El costroso cortinaje de lentejuelas desprende pestes a sudor y desinfectantes. Las notas musicales se esparcen por la penumbra mal ventilada antes de diluirse en el fondo de los vasos. Bajo los focos que desparraman azul noche, el diezmado coro de vicetiples ensaya una rudimentaria coreografía. Pereza de albornoces, chándales y mallas remendadas, aderezados con boas desplumadas, brillantes baratijas y acoples de micrófono. Carnes yertas que entierran tantos deseos, miradas desnudas que saben de tantos ocasos. La mueca de la muerte oculta tras el maquillaje barato.

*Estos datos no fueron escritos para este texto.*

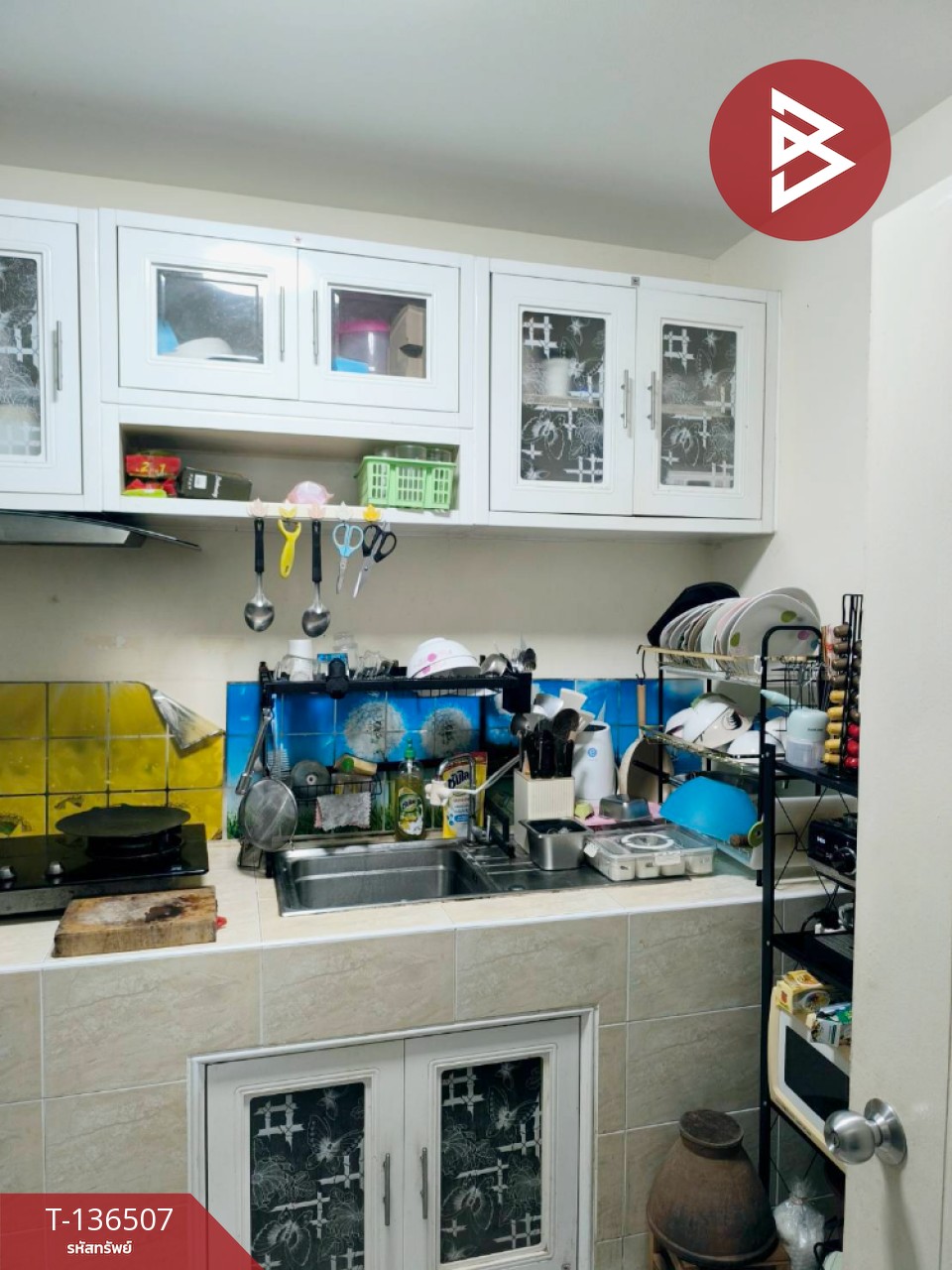 ขายทาวน์เฮ้าส์ หมู่บ้านกัสโต้ เทพารักษ์ (Gusto Teparak) บางพลี สมุทรปราการ 7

En el espejo del camerino, rodeado por bombillitas fundidas, quedó escrita con pintalabios la verdadera historia, dónde el género frívolo se convierte en trágico.
Allí se refugian estos restos de coristas, vedettes desfondadas, ruinas de caricato, agonía y furor de una cultura, a la hora de cierre, la nostalgia bailando en la penumbra, el momento en que las sillas se colocan sobre las mesas.
Inspirada en la desaparecida Bodega Bohemia de Barcelona, es esta la alegoría de una cultura apuntalada, que espera su desplome, situada en un antro lúgubre infestado por las ratas que asoman a nuestros trabajos, dónde un núcleo de artistas aislados y contracorriente resisten, agotados, entre la resignación y el encono, sin ningún heroísmo, más bien a merced de una época que renuncia a lo poético.